Reel’s and TikTok’s captured people’s time maximally. Except, they did it through the wrong motivations. They essentially created a new-age drug.
Contrarily, we have Google Search and OpenAI that obtained a big part of the customer’s time because they allowed people to boost their productivity - to gain time. Contrary to Facebook and TikTok, who took people’s time away - captured them by force of addiction - Google, OpenAI, Tesla actually aim to take on those time consuming tasks. Like friends, they work alongside you. They don’t capture you, not at all - most people still drive their Tesla’s manually, but anytime you want Tesla’s AI is there to serve you. Similarly, OpenAI and Google are there to help you learn quicker, to become better faster. To catalyse your ambitions.
That’s what a good idea is. A good idea catalyses your ambitions. While you could invest in the next-age drug and be a part of yet another genocide of the neurons, you would have to sell fast - because those type of companies don’t last that long.
Facebook is pretty dead (I know, who am I to say such thing), it was overtaken by Instagram, a Meta company. You see, they need to change image periodically because people catch up to the fact that they’re being used. It’s a dirty game, and regulators eventually catch up.
Tesla and OpenAI - Musk and Altman mainly - on the other hand, are aiming at maximising positive effect in as many lives as possible in one way or another. They have very deep, existential, and reality-challenging curious endeavours.
The law is based on fundamental right-and-wrong-doing notions. What some may call Good and Evil. If one explicitly understands the essence of right and wrong, one can understand what regulators will be going after when the engineers are developing new ideas. But looking at the ideas isn’t all that useful, because ideas die and change.
If you’re looking to invest in a company and want your money to be in good hands - look at who’s in front of the company. Who is imposing the culture? I learned from Eduardo Espinheira: The leader of a company needs, at minimum, the so-called leadership skills. If the leader is not assertive-yet-humble, clear in his or her communication, curious, versatile, courageous, he or she will not be able to impose a culture. But beyond this ‘hygene’ factor, you MUST look at the culture that’s being imposed. More explicitly, look at what the leader encourages (rewards), what he or she tolerates, and what he or she prohibits (punishes). Let’s look at some examples of succes:
Musk encourages radical candor - brutal honesty. He has a ‘carrot-and-stick’ mentality - something is either productive or destructive. Rapid, brutal testing, failure, and rebuilding. Flat hierarchies (managers must code at least 20% of the time) - no hiding behind reports. Expectation of 80 hour weeks - if you’re not willing you leave.
He prohibits any form of detachment, such as remote work. Bureaucracy is frowned upon - acronyms, middle management silos, and multi-layer decision making. Performance is looked at in brute, no interpretations - if you’re underperforming you’re out.

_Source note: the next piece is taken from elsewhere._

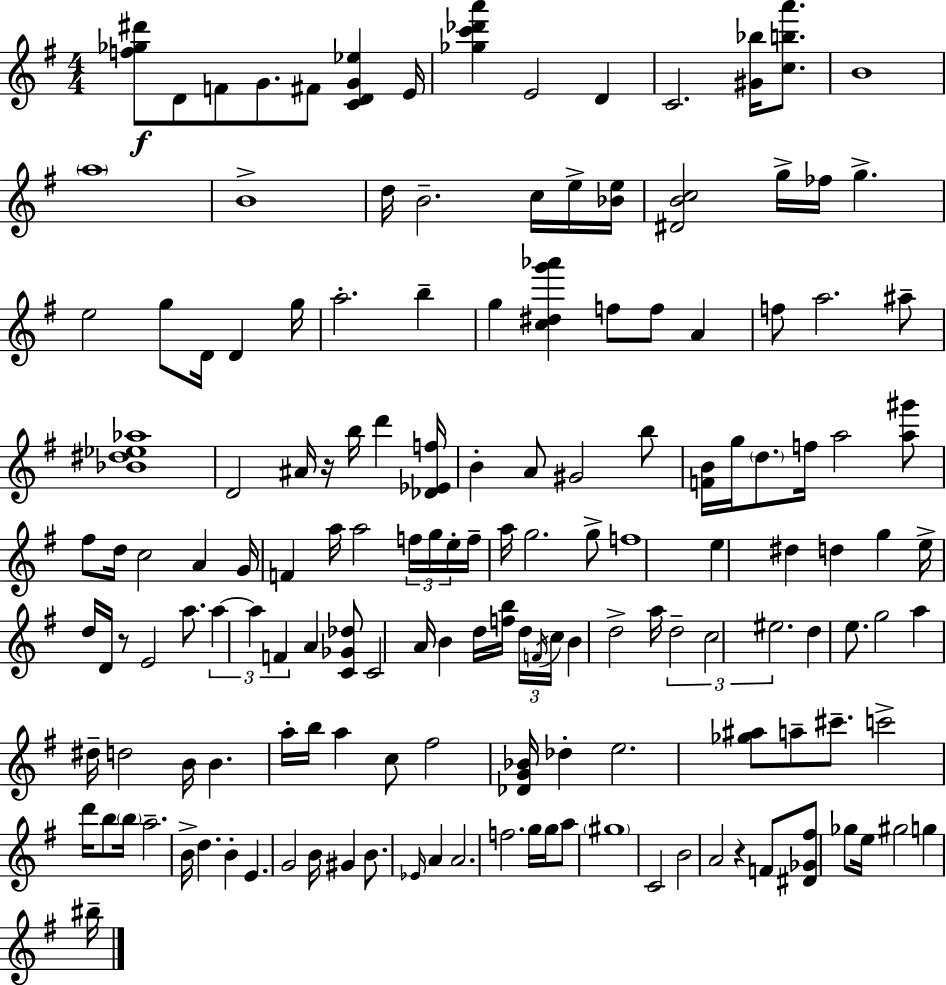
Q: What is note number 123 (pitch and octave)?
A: A5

Tolerates high-stakes gambles and calculated risk. Insulting is fine, it’s just a side effect of full commitement. Being on the edge of the law when the law is objectively stupid is not a problem. Laying off people without consideration for their past is also tolerated.

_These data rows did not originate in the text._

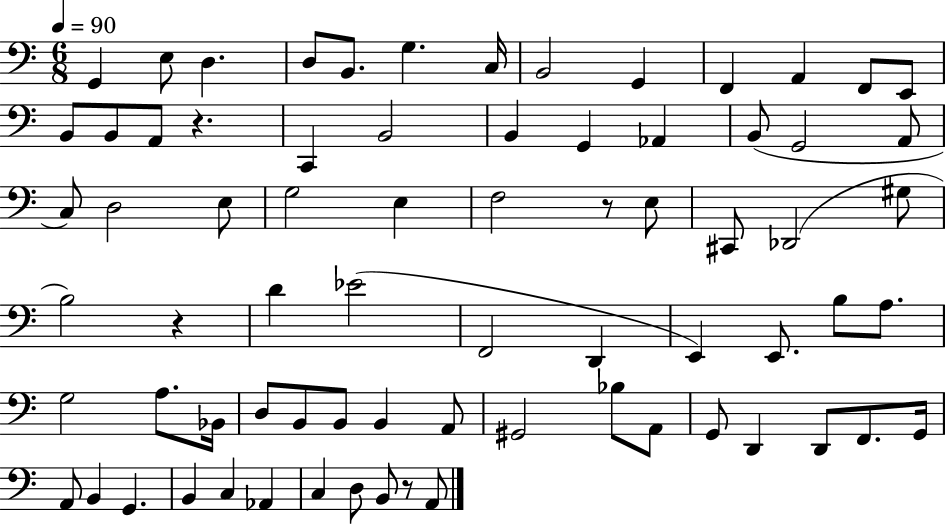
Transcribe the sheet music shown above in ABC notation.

X:1
T:Untitled
M:6/8
L:1/4
K:C
G,, E,/2 D, D,/2 B,,/2 G, C,/4 B,,2 G,, F,, A,, F,,/2 E,,/2 B,,/2 B,,/2 A,,/2 z C,, B,,2 B,, G,, _A,, B,,/2 G,,2 A,,/2 C,/2 D,2 E,/2 G,2 E, F,2 z/2 E,/2 ^C,,/2 _D,,2 ^G,/2 B,2 z D _E2 F,,2 D,, E,, E,,/2 B,/2 A,/2 G,2 A,/2 _B,,/4 D,/2 B,,/2 B,,/2 B,, A,,/2 ^G,,2 _B,/2 A,,/2 G,,/2 D,, D,,/2 F,,/2 G,,/4 A,,/2 B,, G,, B,, C, _A,, C, D,/2 B,,/2 z/2 A,,/2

Altman too encourages radical candor and ‘dissrespect’ - dissent is the ignition for innovation. “Fight bullshit bureaucracy every time you see it” - maximises synergy. Prioritizes one-on-ones, small group huddles, and Slack-first communication to accelerate decision-making and avoid information silos.
Prohibits detatchment by remote work. Zero tolerance for foundationless decisions and procedural drag.
Tolerates chaos for it produces good inovation. Tolerates ideological cross-fire when it comes to opinions about AI (will it kill us all or just make us better?).
More importantly, though, a good aim is necessary. In the framework of a good aim, you needn’t worry about all of this as a leader. Just reward whatever makes progress, punish that which slows you down to attaining the goal, and tolerate that which is indiferent (even if people don’t like it).